Hal Finkel <hfinkel at anl.gov> wrote on 17.05.2013 01:43:25:

> > Can you not do all that on the IR level, and if it detects a count,
> > simply rewrite the IR to a simple counting loop?
>
> The other problem is that, if you do this rewriting then you can end
> up with redundant induction variables if the transformation does not
happen.

Yes, of course, that's what will happen if you make the wrong decision.
Note that I'm not saying you *shouldn't* try to detect in advance
whether or not CTR will be available and the transformation is
possible -- of course the IR pass should have a heuristics that
attempts to detect this, probably much along the lines of your
existing code.

My only point is that I'd prefer if the overall algorithm were
structured so that the "failure mode" if that heuristic gets it
wrong in some (hopefully rare) case, is simply generation of
slightly less optimal code rather than completely broken code.

> Maybe it would be better to do it the other way? What if we always
> generate the counter-based loops, and then undo the transformation
> if we detect, at the MI level, other clobbers of the counter
> register. We might end up generating suboptimal code in these cases
> (because we could end up with effectively two induction variables
> (that are not exactly the same and so won't be CSE'd), but for loops
> with function calls, indirect jumps, etc., maybe the performance hit
> won't matter much -- but I don't really believe that :(

That seems more along the lines of what GCC does; the doloop pass
will insert a loop counter as a pseudo register if its heuristic
determines this will likely be useful, and then the register
allocator tries to allocate the pseudo to CTR, but if it fails,
we just get regular code to decrement and test the counter (in a GPR).

> In the end, this is why I decided to do this on the IR level.

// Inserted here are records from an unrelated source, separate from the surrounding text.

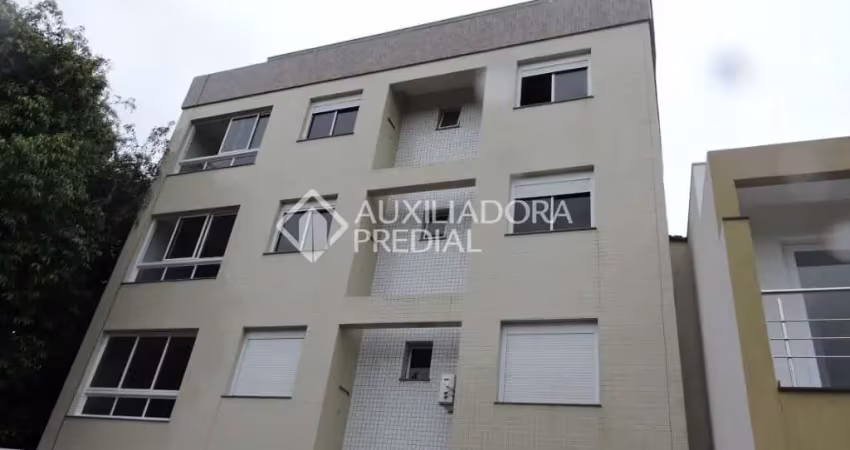 Apartamento com 3 quartos à venda na Rua Heitor Manganelli, 292, Jardim Itu Sabará, Porto Alegre
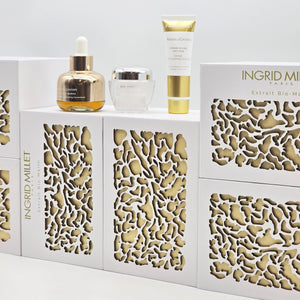 2025 Perle de Caviar Bio-Marin Extract Holiday Gift Set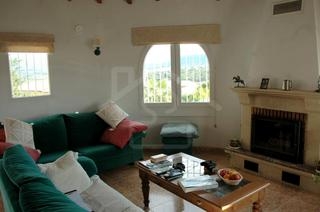 Nucleo Benitachell property: Villa with 3 bedroom in Nucleo Benitachell, Spain 64832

It is
> fragile to detect IR sequences that might become function calls, but
> as LLVM is currently constructed, and because the selection-DAG is
> basic-block local, there is a finite set of such things and we can
> audit the code generator for them. I don't *like* it, but it seems
> to be the only way that we can really generate the best code
> (without extraneous guard expressions, and without redundant GPR
> induction variables, etc.) in practice. We could certainly pair this
> with some kind of 'undo' mechanism just in case. Maybe the best
> solution is to leave things this way, but make a verification pass
> that checks for clobbers inside the loops after the fact. This would
> make it ICE instead of miscompile, but that is preferable (and we
> could turn it off in non-asserts builds).

I certainly agree that an ICE is better than a miscompile :-)

Bye,
Ulrich